## Work request
Determine how many lines in the entries below include the word "Black", and reply with that number alone.

## Supplied entries
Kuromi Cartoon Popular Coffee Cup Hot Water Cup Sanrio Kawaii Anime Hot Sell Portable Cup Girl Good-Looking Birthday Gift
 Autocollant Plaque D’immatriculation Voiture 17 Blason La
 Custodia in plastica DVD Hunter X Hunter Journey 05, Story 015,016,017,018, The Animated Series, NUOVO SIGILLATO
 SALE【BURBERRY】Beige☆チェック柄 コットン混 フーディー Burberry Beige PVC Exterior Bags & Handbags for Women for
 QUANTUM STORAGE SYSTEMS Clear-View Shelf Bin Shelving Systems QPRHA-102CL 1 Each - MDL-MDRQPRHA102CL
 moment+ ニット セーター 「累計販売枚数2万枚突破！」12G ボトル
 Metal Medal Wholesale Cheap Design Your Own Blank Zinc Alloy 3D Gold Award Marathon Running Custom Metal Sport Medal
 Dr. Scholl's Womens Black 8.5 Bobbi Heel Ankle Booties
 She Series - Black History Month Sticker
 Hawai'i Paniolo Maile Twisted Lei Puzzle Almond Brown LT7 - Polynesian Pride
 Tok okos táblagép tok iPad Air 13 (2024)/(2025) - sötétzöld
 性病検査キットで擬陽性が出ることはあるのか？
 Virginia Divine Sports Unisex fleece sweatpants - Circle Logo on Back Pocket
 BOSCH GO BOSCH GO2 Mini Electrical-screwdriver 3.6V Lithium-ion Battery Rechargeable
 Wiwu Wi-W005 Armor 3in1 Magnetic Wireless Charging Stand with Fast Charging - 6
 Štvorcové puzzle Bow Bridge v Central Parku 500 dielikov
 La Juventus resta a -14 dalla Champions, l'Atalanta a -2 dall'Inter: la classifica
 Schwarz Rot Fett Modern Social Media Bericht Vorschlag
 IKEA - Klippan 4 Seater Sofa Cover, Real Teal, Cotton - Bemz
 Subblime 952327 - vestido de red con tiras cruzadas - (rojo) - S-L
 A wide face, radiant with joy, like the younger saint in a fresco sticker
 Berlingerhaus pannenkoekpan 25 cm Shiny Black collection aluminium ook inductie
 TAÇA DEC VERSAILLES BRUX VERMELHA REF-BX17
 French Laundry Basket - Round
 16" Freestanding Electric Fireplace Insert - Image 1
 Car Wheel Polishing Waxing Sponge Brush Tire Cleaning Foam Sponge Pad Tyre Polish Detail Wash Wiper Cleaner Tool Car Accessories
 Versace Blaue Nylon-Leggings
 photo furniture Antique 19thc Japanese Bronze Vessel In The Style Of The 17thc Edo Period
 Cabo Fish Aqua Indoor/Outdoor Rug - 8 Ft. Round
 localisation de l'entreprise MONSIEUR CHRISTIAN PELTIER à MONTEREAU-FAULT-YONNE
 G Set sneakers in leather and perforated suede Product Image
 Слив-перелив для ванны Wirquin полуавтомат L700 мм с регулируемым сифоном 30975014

## Response area
3